Image-text web data:
■ ■ ■ ■ ■ ■ ■

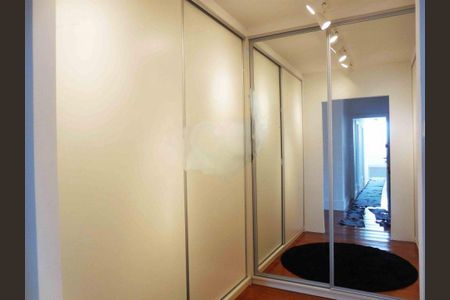 Casa à venda com 789m², 5 quartos e 6 vagas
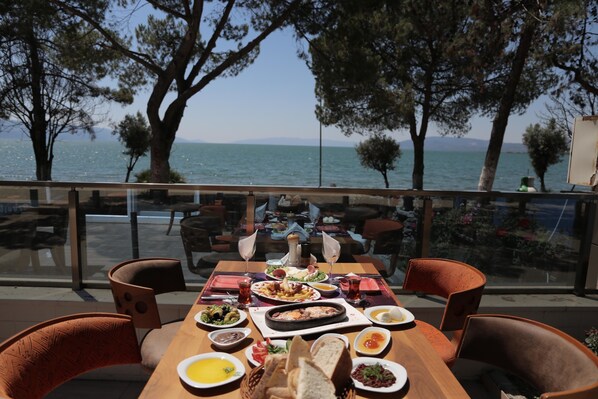 Frühstück und Abendessen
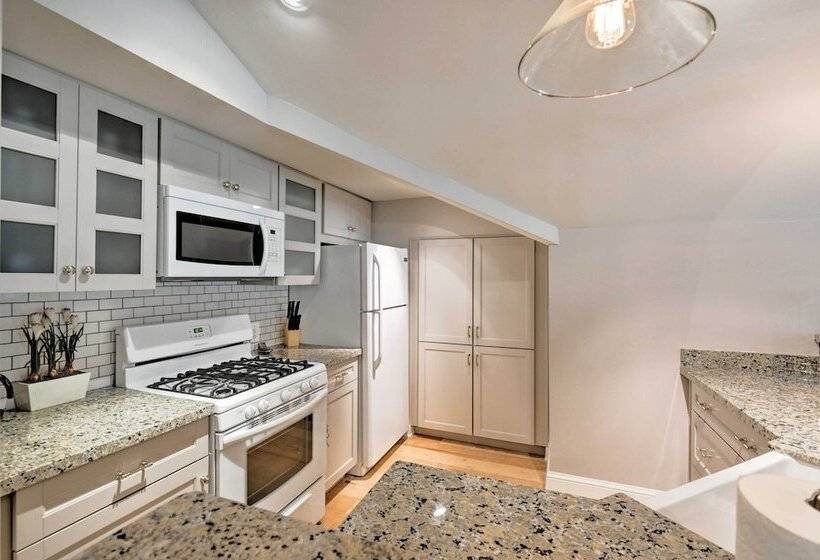 Pet Friendly Phoenix Retreat ~ 5 Mi To Downtown!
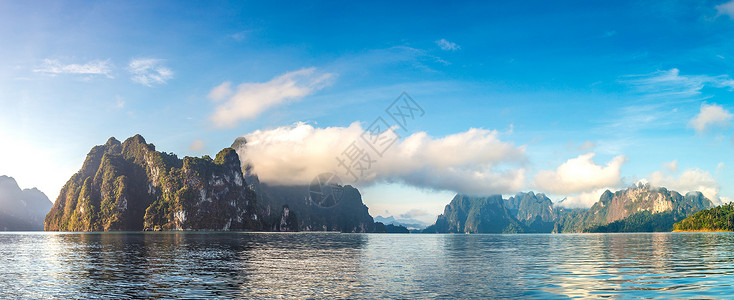 夏日在泰国切罗兰湖大草原坝乔苏克公园高清图片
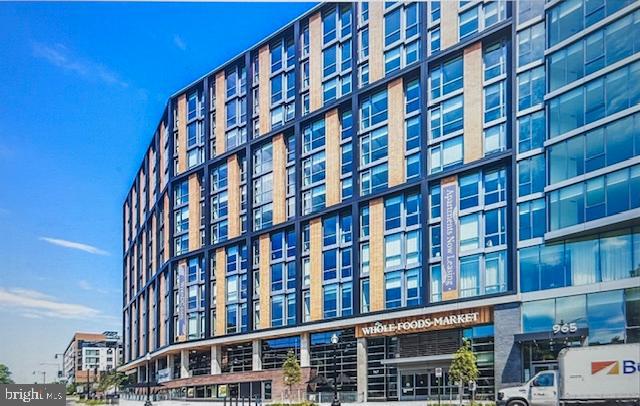 2120 Vermont Avenue Northwest, Unit 207 Washington, DC 20001 - Photo 28 of 32 front view of a building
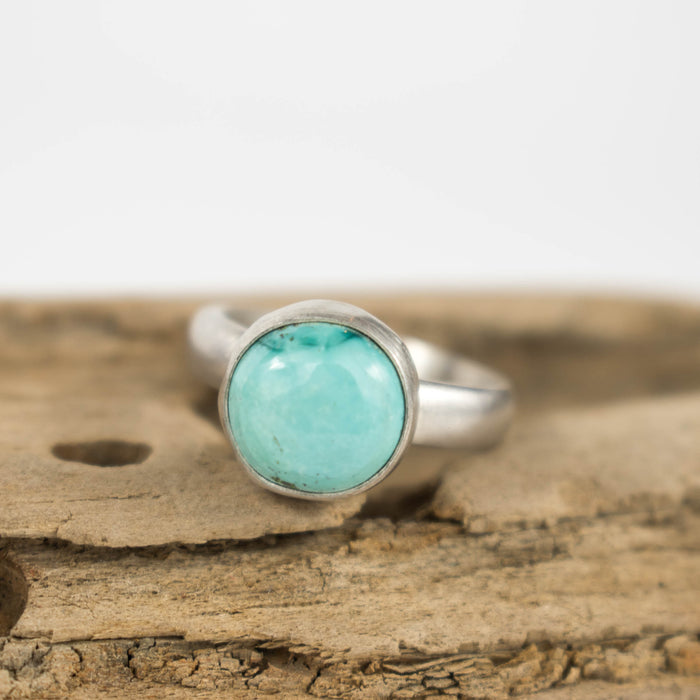 Turquoise ring with satin finish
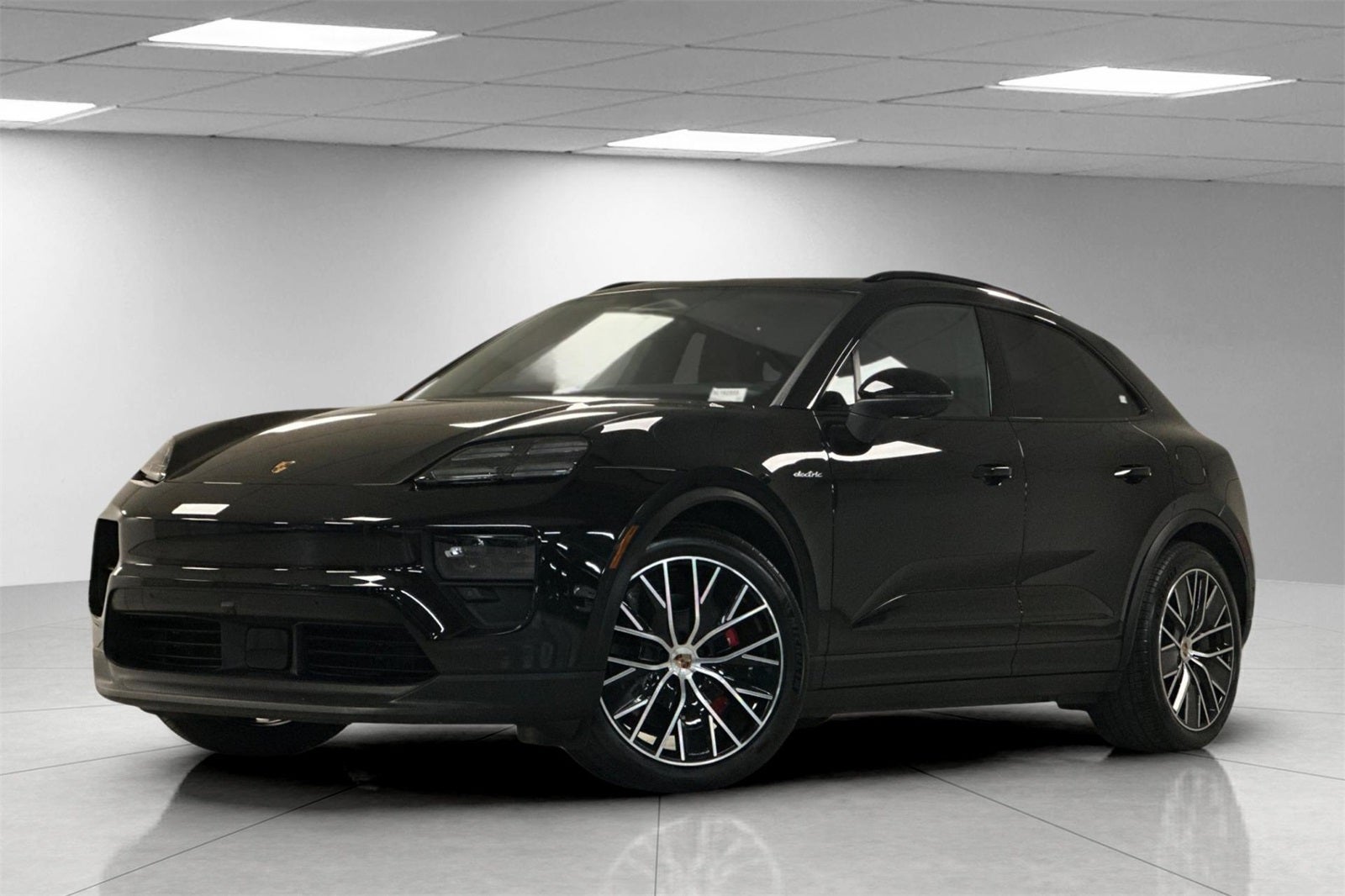 2025 Porsche Macan Macan 4S Electric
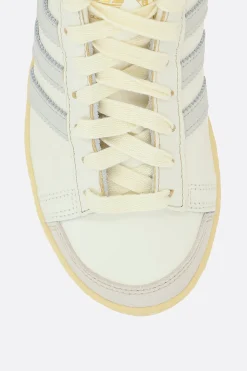Sneakers><noscript><img width=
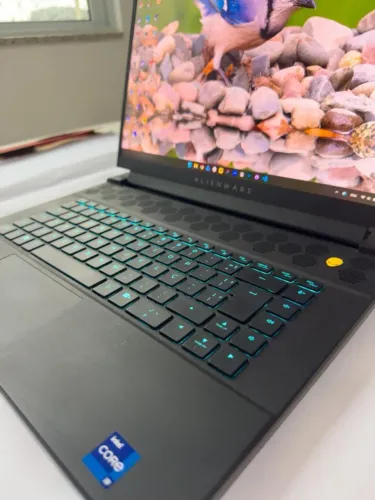 Notebook Gamer Alienware M16 R1 Intel Core i9 RTX 4070 32GB DDR5 2TB SSD NVMe FHD 240hz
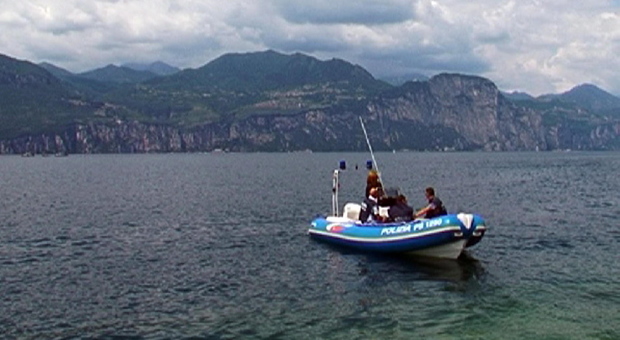 «Vado a farmi una nuotata al lago»: non torna più a casa, 47enne annega nel Garda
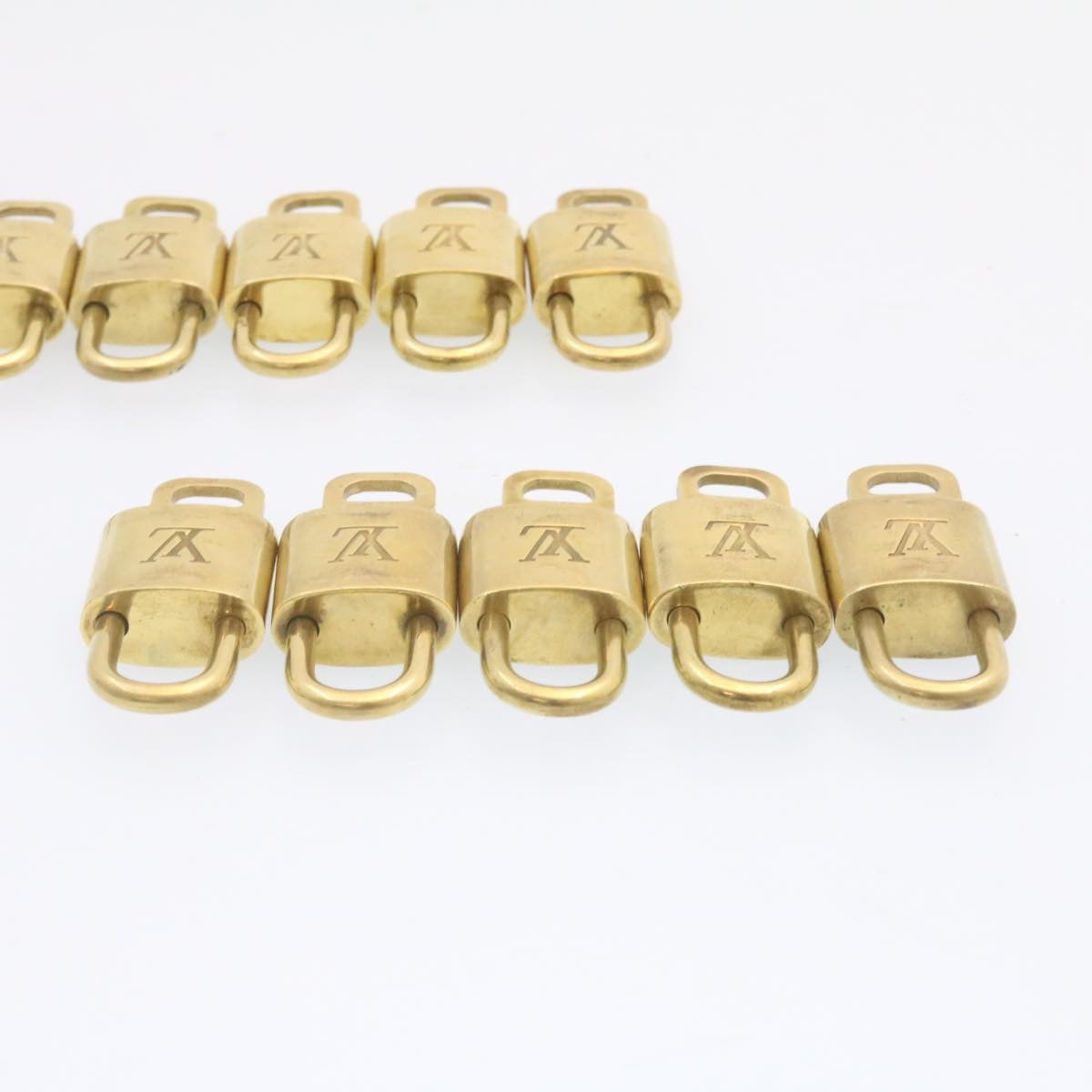 LOUIS VUITTON Padlock 10set Padlock Gold Tone LV am1423g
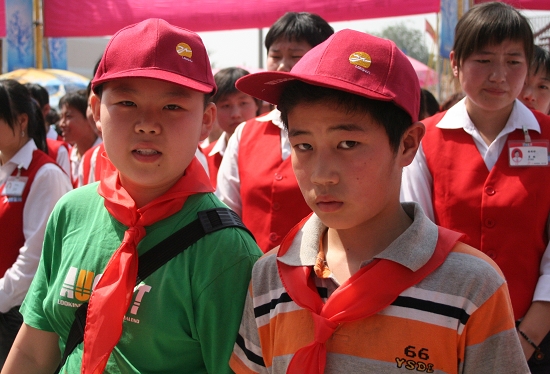 追逐梦想结对子,共享阳光手牵手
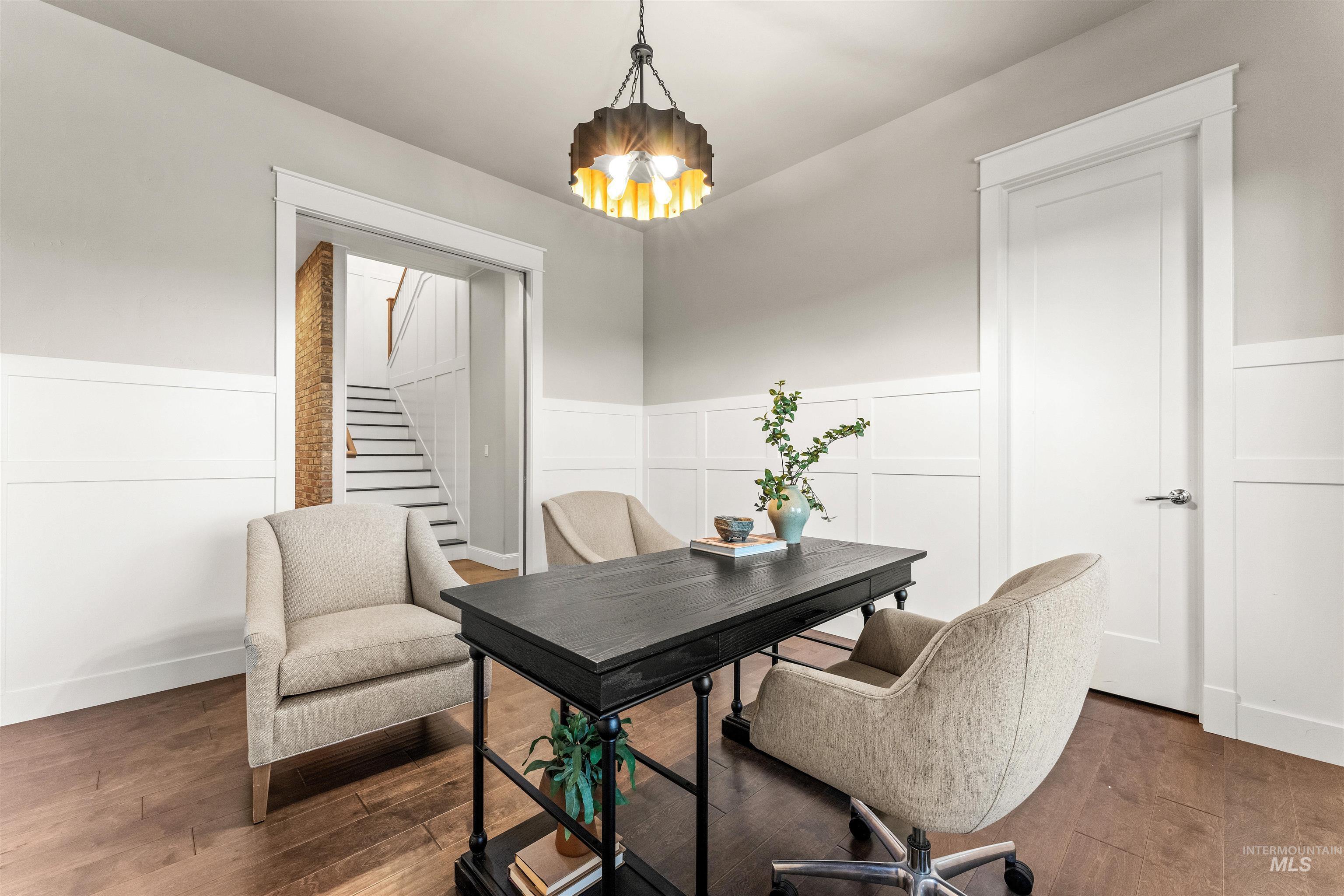 900 S Brentbrook Ln, Eagle, Idaho 83616, 4 Bedrooms, 4.5 Bathrooms, Residential For Sale, Price $2,448,000,MLS 98971252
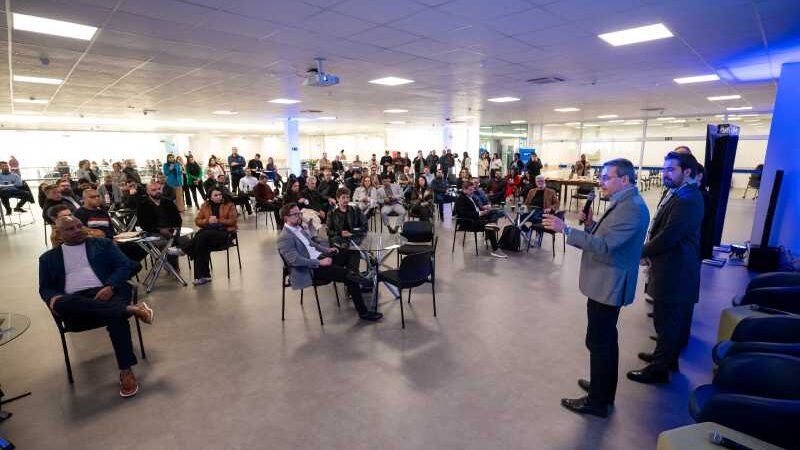 Sebrae/PR estrutura atendimento setorial para pequenas empresas de transporte e logística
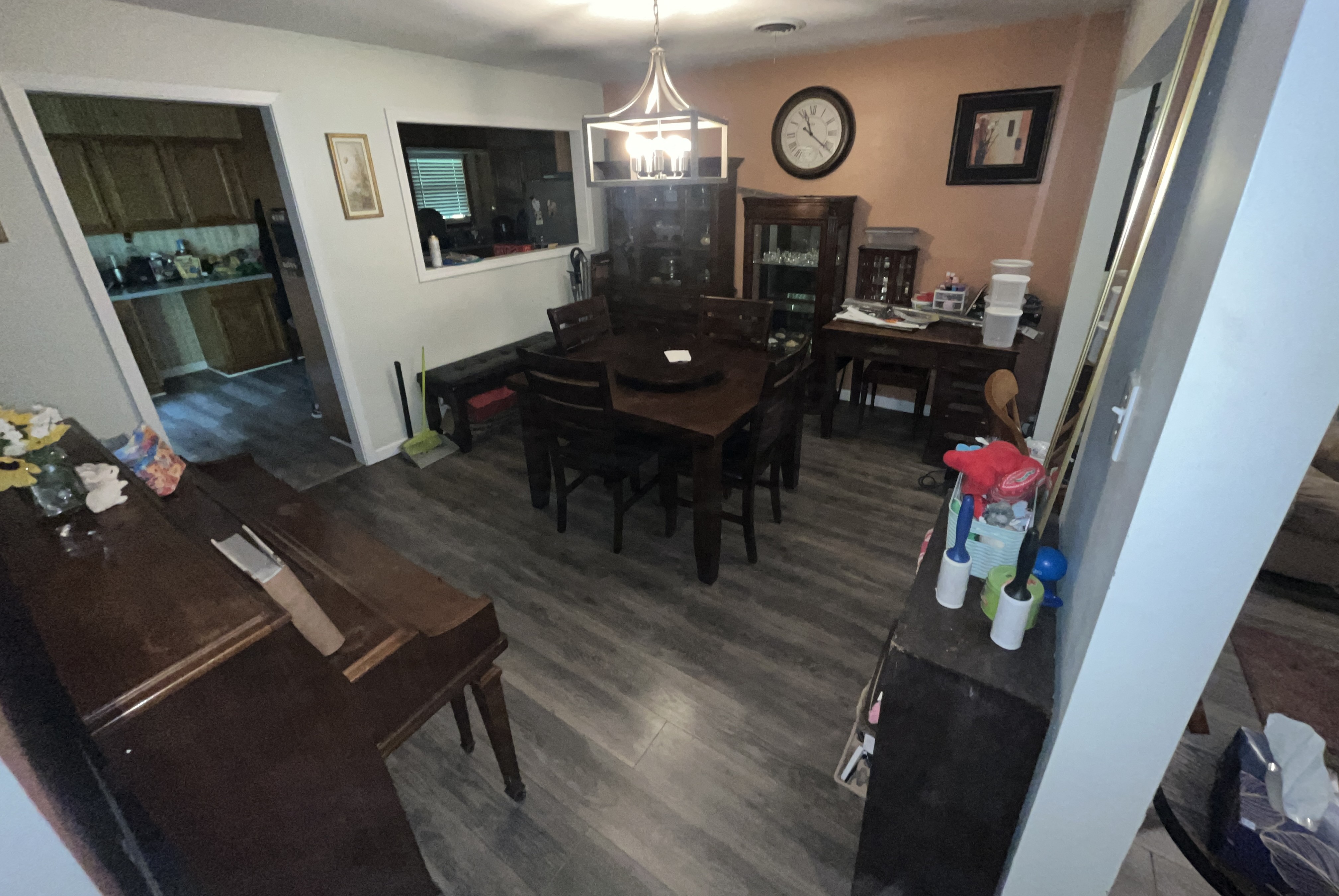 Real Estate & Personal Property Auction Image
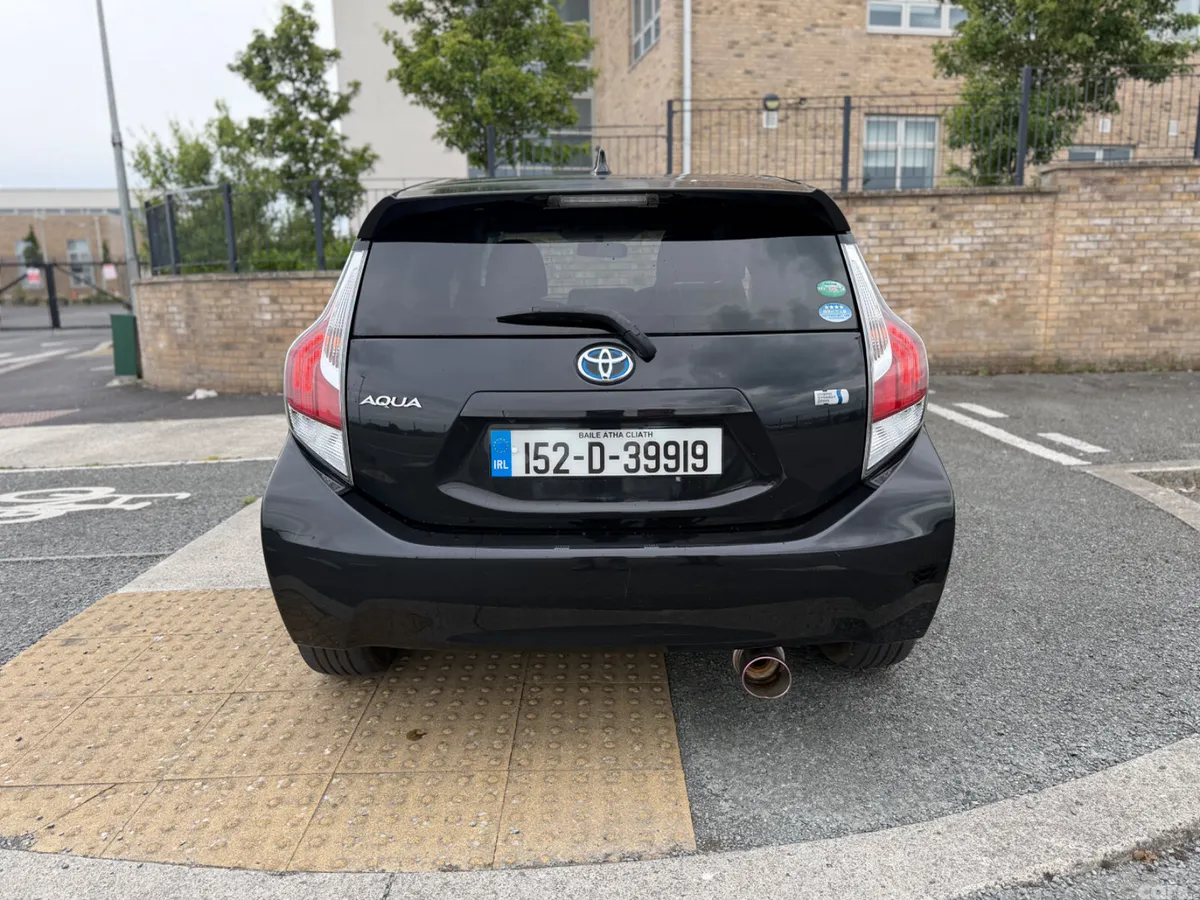 Toyota Aqua Hatchback, Petrol Hybrid, 2015, Black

■ ■ ■ ■ ■ ■ ■

From the first line to the last, set down the records above exactly and skip the pictures.

 Casa à venda com 789m², 5 quartos e 6 vagas
 Frühstück und Abendessen
 Pet Friendly Phoenix Retreat ~ 5 Mi To Downtown!
 夏日在泰国切罗兰湖大草原坝乔苏克公园高清图片
 2120 Vermont Avenue Northwest, Unit 207 Washington, DC 20001 - Photo 28 of 32 front view of a building
 Turquoise ring with satin finish
 2025 Porsche Macan Macan 4S Electric
Sneakers><noscript><img width=
 Notebook Gamer Alienware M16 R1 Intel Core i9 RTX 4070 32GB DDR5 2TB SSD NVMe FHD 240hz
 «Vado a farmi una nuotata al lago»: non torna più a casa, 47enne annega nel Garda
 LOUIS VUITTON Padlock 10set Padlock Gold Tone LV am1423g
 追逐梦想结对子,共享阳光手牵手
 900 S Brentbrook Ln, Eagle, Idaho 83616, 4 Bedrooms, 4.5 Bathrooms, Residential For Sale, Price $2,448,000,MLS 98971252
 Sebrae/PR estrutura atendimento setorial para pequenas empresas de transporte e logística
 Real Estate & Personal Property Auction Image
 Toyota Aqua Hatchback, Petrol Hybrid, 2015, Black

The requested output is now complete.